General-purpose digital wallets started life in most parts of the world, including the U.S., as substitutes for physical credit cards at the point of sale — and promised to change how people pay.
In truth, as Jenny Cheng, vice president and general manager of Google Wallet, told Karen Webster, the adoption rate as a payment method is still relatively low — with less than 40% penetration in the United States for consumers over the age of 40, though that increases as generations skew younger.
The one thing that hasn’t changed is the need to carry a physical wallet in a pocket or a purse — not only to store credit and debit cards there. The vast majority of us still lug the leather wallets and purses with us, chiefly because … well, people need a place to assemble the multiple access and identity credentials needed every day. Driver’s licenses. Tickets. Healthcare insurance cards. Building access cards. Name the ID, and the plastic form of it must be kept somewhere. And even though payments wallets may allow some form of identity or access credentials like boarding passes or movie tickets, the leather wallet remains the physical go-to.
That makes the greenfield opportunity for digital wallets to gain ground, said Cheng, as a means of lightening the load of the physical wallet while keeping those credentials secure.
“When you think about replacing your physical wallet, obviously, how you pay is an important part of that,” Cheng said. Google Pay, of course, exists as a separate app within Wallet that houses payments credentials, and can be used in-store (and indeed, as PYMNTS data has shown, as many as 13% of in-store payments in the aggregate are done using digital wallets).
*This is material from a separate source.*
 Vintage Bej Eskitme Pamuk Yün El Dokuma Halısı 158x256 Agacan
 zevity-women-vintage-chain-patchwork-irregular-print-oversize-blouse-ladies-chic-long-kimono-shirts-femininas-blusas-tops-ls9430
But beyond, and separate from, the digital payments wallet, Google believes that the digital wallet can serve as a digital hub for all manner of personal credentials. Google Wallet announced new features Thursday (June 1) that broaden the wallet’s functions to make it easier to store more documents and a growing roster of passes that prove we are who we say we are.
“It’s another flywheel in a broader ecosystem,” Cheng told Webster.
The company said that beginning this month, consumers with a Maryland ID or driver’s license will be able to add their ID to Google Wallet. Cheng said more states will follow suit, including Georgia, Colorado and Arizona. Wallet users can also add their boarding passes directly from Google’s Messages app.
Google Wallet also said Wednesday that users can upload images with barcodes and QR codes and convert them into a Wallet pass. The wallet passes, as Cheng described, can be used to store digital copies of a range of physical badges — everything from gym memberships to library cards, transit QR tickets, parking passes, and so on.
The snapshot-to-digital function is applicable to what the company terms “private passes” that contain a user’s sensitive data. The passes, she said, offer security that is a magnitude above the standard practice consumers have embraced, where taking a picture of one’s insurance card has been the de facto method of “storing” that information on the phone.
The initiatives Cheng said, “are about making it easier to save things into your Google Wallet … without having to worry about opening up five different apps or trying to figure out where you have that pass.”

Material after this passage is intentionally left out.